To overcome this limitation, the research team developed an algorithm that enables robots to automatically fine-tune their control parameters in real time based on error feedback. Unlike traditional adaptive PID systems, their approach is specifically engineered to counteract the minute signal noise—called quantization errors—generated by digital sensors in robot joints. Previous adaptive algorithms often overreacted to this noise, causing unnecessary force adjustments and system instability.
Figure 1. Experimental setup of a planar two-DOF direct-drive five-bar robot with hardware and software architecture and kinematic structure. A hook in end-effectors allows the robot to be connected with external dynamics.
A key advantage of this new technology is that it requires only a software update—no hardware modifications, complex parameter inputs, or costly additional sensors are necessary. Any robot equipped with a PID controller can adopt this algorithm immediately.

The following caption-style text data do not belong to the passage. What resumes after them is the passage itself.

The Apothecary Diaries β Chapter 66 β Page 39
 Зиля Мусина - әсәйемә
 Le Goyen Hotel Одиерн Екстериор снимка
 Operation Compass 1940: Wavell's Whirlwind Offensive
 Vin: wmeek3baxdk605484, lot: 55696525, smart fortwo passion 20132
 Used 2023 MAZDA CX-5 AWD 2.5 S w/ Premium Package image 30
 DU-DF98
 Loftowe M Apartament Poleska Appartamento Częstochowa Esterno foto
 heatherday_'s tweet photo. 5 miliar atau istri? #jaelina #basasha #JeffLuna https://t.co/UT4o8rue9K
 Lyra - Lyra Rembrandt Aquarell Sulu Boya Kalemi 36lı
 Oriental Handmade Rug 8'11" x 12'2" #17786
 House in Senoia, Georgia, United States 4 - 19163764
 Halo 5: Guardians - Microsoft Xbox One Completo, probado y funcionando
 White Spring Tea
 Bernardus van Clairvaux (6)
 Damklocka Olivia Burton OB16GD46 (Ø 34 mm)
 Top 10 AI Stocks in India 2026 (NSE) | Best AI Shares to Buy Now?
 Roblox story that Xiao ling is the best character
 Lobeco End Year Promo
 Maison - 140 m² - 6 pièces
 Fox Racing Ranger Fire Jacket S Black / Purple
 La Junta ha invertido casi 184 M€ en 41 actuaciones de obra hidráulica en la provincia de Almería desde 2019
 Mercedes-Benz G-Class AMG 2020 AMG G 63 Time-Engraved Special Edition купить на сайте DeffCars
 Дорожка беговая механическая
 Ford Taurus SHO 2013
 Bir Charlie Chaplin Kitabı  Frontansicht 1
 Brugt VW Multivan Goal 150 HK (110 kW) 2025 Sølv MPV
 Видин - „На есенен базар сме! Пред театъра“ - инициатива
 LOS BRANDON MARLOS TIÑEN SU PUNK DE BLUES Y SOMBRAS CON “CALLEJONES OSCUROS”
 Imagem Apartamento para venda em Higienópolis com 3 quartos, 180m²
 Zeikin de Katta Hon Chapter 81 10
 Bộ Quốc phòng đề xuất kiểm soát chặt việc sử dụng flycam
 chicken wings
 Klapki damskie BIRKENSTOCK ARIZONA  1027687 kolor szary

The team demonstrated the effectiveness of the algorithm on a two-joint robotic arm under challenging conditions, such as lifting weights equal to its own mass and operating in environments with complex spring mechanisms. Results showed that the robot could adaptively adjust its control parameters to follow precise trajectories, despite environmental disturbances. In contrast, traditional control methods exhibited larger positional errors and instability.
Professor Kang remarked, “This development offers a significant enhancement in the performance of PID controllers, which are prevalent in industrial automation. It has broad potential applications—from smart factories with dynamic work environments to rehabilitation robots that respond to subtle human forces, and even humanoid robots.”
The findings of this research have been published in the January 2026 issue of IEEE/ASME Transactions on Mechatronics, one of the most respected journals in the fields of mechanical and robotic engineering.
This work was supported through the Future Promising Fusion Technology Pioneer Project by the National Research Foundation of Korea (NRF) and by the National Rehabilitation Center (NRC).
Journal Reference
Jeongwoo Son, Hyunah Kang, Murim Kim, et al., “Robust Adaptive PID Control Based on a Modified Nussbaum Function for Robots Exposed to Significant Changes in Dynamics,” TMECH, (2025).